Gene and vaccine name identification
SciMiner, a dictionary- and rule-based literature mining tool (http://jdrf.neurology.med.umich.edu/SciMiner/) [16], was used to identify gene names in the fever-related literature. Identified genes were reported in terms of the official human genes based on the HUGO Gene Nomenclature Committee (HGNC) database (http://www.genenames.org/). SciMiner demonstrated 87.1% recall, 71.3% precision, and 75.8% F-measure in an evaluation using the BioCreAtIvE (Critical Assessment of Information Extraction systems in Biology) version 2 (Year 2006) Gene Normalization Task [16]. To identify vaccine names, VO-SciMiner (http://www.violinet.org/vo-sciminer/index.php), a modified version of SciMiner optimized for VO identification, was employed. VO-SciMiner demonstrated high performance in identifying VO terms; 91% recall, 99% precision, and 95% F-measure from an evaluation using 100 hand-curated gold-standard biomedical Brucella vaccine papers [10].

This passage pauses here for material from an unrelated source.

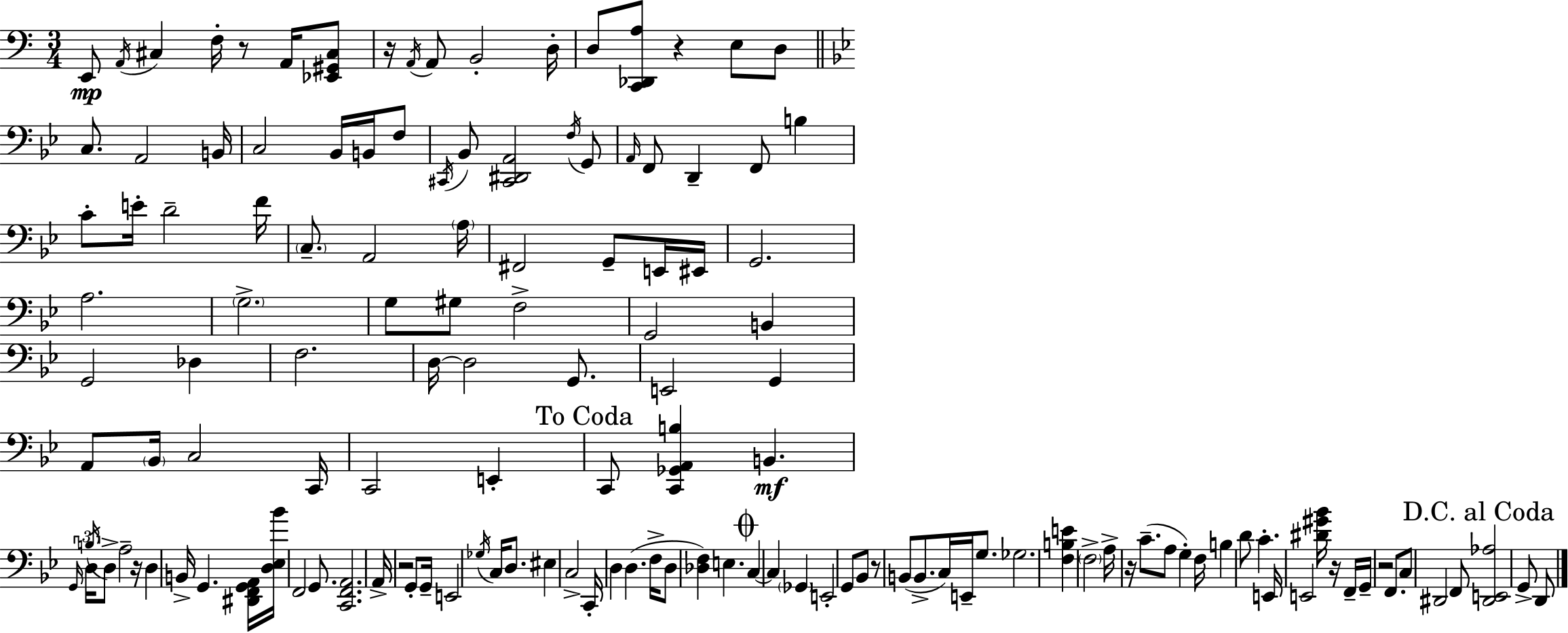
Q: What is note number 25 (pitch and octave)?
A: F2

Generation of gene-gene and gene-vaccine interaction networks
To include only gene-gene and gene-vaccine pairs with potentially true interactions rather than a simple co-occurrence in a sentence, we employed a natural language processing and machine-learning-based scoring system [11,17]. First, the sentences that contain an interaction keyword and at least two different gene names, or a gene name and a vaccine name were selected as potential interaction-describing sentences. More than 800 manually collected interaction keywords (e.g. bind, activate, interaction) were used in this study (the interaction keywords are available at: http://www.violinet.org/ifngvonet/interaction_keywords.txt). These keywords describe different types of associations between gene-gene or gene-vaccine pairs that can range from direct physical interactions (e.g., binding, ligation, attachment) to regulation relationships (e.g., up-regulation, down-regulation, and inhibition). These keywords have also been re-organized and included in an ontology structure, Interaction Network Ontology (INO) (http://purl.bioontology.org/ontology/INO).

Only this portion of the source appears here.